Read: 1 Kings 19:1-18
“It is enough! Now, Lord, take my life, for I am no better than my fathers!” (1 Kings 19:4). Elijah lay down, utterly exhausted. The thrilling Mt. Carmel victory over Baal’s prophets seemed a distant memory. He’d been so sure that a spectacular demonstration of God’s power would turn Israel back to God. So sure that he could succeed where the prophets before him had failed. But Baal’s humiliation only hardened Jezebel’s heart, and Ahab’s with her. Instead of surrendering to God, they swore vengeance.
This tempestuous reaction flung Elijah into a violent disturbance of disappointment, crushing him beneath relentless winds of failure. His zealous efforts for God had all been in vain. A hunted man standing alone, he was no better than his forebears, after all. Death seemed the only remaining option.
And so he ran until his strength gave out. But still the storm raged within. Finally God demonstrated that He wasn’t in the storm, earthquake or fire that threatened to engulf the prophet’s soul. God spoke, and His still, small voice restored Elijah’s peace and sense of purpose.
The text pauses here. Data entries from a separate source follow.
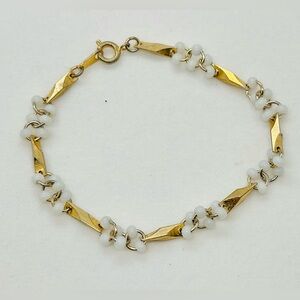Vintage Dainty Gold Tone White Bead Bracelet Link Faux Pearl Cluster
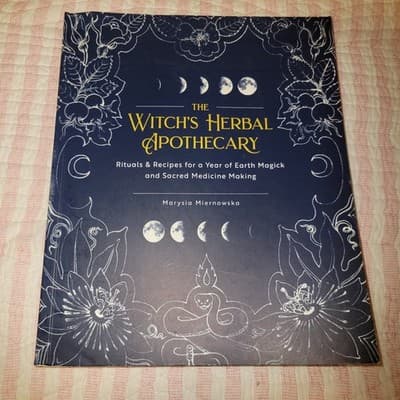 The Witch’s Herbal Apothecary — Marysia Miernowska (2020, Fair Winds Press) - Thumbnail 2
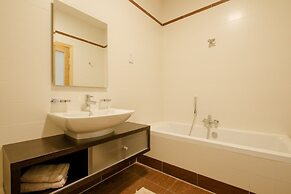 Seafront Luxury Apartment, Pool and Great Location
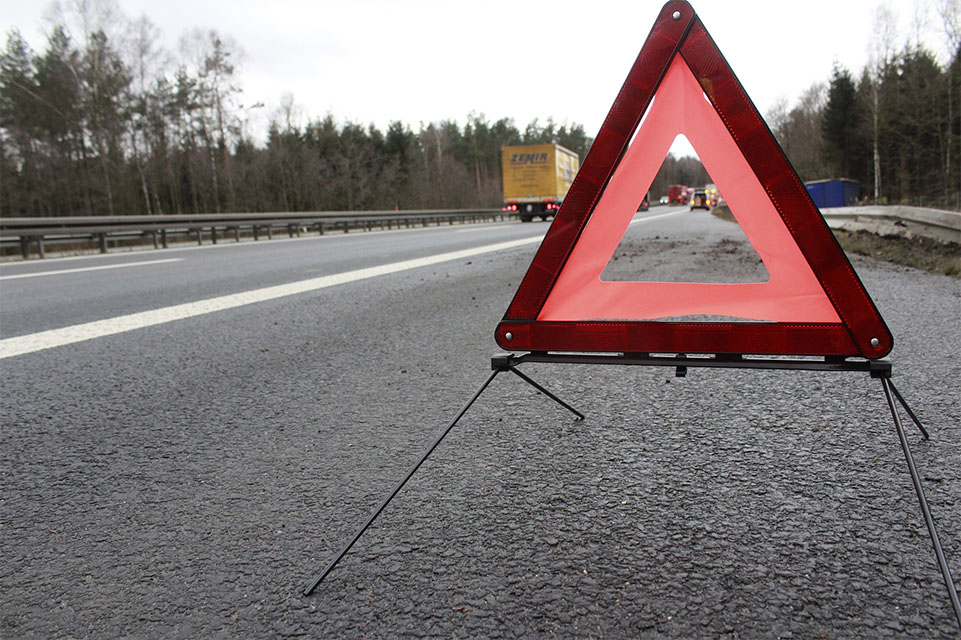 emergency reflective triangle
For years, I wondered about what I considered Elijah’s moody tendencies. What could have made him fall apart the way he did, especially after such a mountain top experience? Then, I experienced some crushing disappointments of my own; disappointments which followed amazing accomplishments. Tossed about in the waves of erratic and often inexplicable behavior, I began to see the light in this human mystery.
I had a good understanding of how dangerous and terrifying storms of nature can be. But I had never grasped the threat in a storm of the soul. Descending suddenly and intensely, soul storms can do the greatest damage of all – blindsiding us into flights of panic, which most often tend to be in a direction away from God.
Jesus told us to expect storms around us, but He promised us peace in their midst, as we keep our focus on Him. The moment our gaze shifts, the storms begin to make their way in, ripping apart everything in their way. It was just such a shift in focus that caused Peter to sink.
No matter how wild the storm, or how insurmountable the odds appear to be, take this Old Testament counsel with you this week and always – ‘stand still and see God’s salvation’ (Exodus 14:13 and 2 Chronicles 20:17); you’ll be glad you did.